Department of Computer Science, The University of Hong Kong, Rm 301, Chow Yei Ching Building, Pokfulam Road, Hong Kong.
IEEE/ACM Trans Comput Biol Bioinform. 2012 Nov-Dec;9(6):1629-38. doi: 10.1109/TCBB.2012.104.
Structural alignment has been shown to be an effective computational method to identify structural noncoding RNA(ncRNA) candidates as ncRNAs are known to be conserved in secondary structures. However, the complexity of the structural alignment algorithms becomes higher when the structure has pseudoknots. Even for the simplest type of pseudoknots (simple pseudoknots), the fastest algorithm runs in O(mn3) time, where m, n are the length of the query ncRNA (with known structure) and the length of the target sequence (with unknown structure), respectively. In practice, we are usually given a long DNA sequence and we try to locate regions in the sequence for possible candidates of a particular ncRNA. Thus, we need to run the structural alignment algorithm on every possible region in the long sequence. For example, finding candidates for a known ncRNA of length 100 on a sequence of length 50,000, it takes more than one day. In this paper, we provide an efficient algorithm to solve the problem for simple pseudoknots and it is shown to be 10 times faster. The speedup stems from an effective pruning strategy consisting of the computation of a lower bound score for the optimal alignment and an estimation of the maximum score that a candidate can achieve to decide whether to prune the current candidate or not.

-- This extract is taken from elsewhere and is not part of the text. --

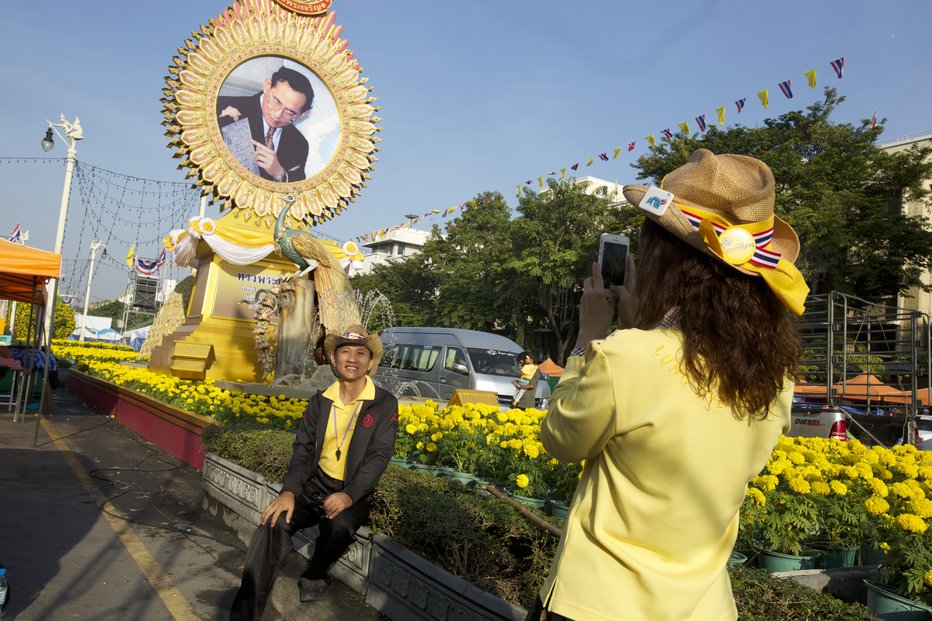 Fotografija: Na Tajskem je polno kraljevih portretov, tako ob cestah kot pred šolami in drugimi državnimi institucijami. FOTO: GULIVER/GETTY IMAGES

结构比对已被证明是一种有效的计算方法,可以识别结构非编码 RNA(ncRNA)候选物,因为已知 ncRNA 在二级结构中是保守的。然而,当结构具有假结时,结构比对算法的复杂性会更高。即使是最简单类型的假结(简单假结),最快的算法也需要在 O(mn3)时间内运行,其中 m、n 分别是查询 ncRNA(具有已知结构)和目标序列(具有未知结构)的长度。在实践中,我们通常会得到一个长的 DNA 序列,并尝试在序列中找到特定 ncRNA 的可能候选区域。因此,我们需要在长序列的每个可能区域上运行结构比对算法。例如,在长度为 50000 的序列上查找已知长度为 100 的 ncRNA 的候选物,需要一天多的时间。在本文中,我们提供了一种针对简单假结的有效算法,其速度提高了 10 倍。加速源于一种有效的剪枝策略,该策略包括计算最优比对的下界得分和估计候选物可以达到的最大得分,以决定是否剪枝当前候选物。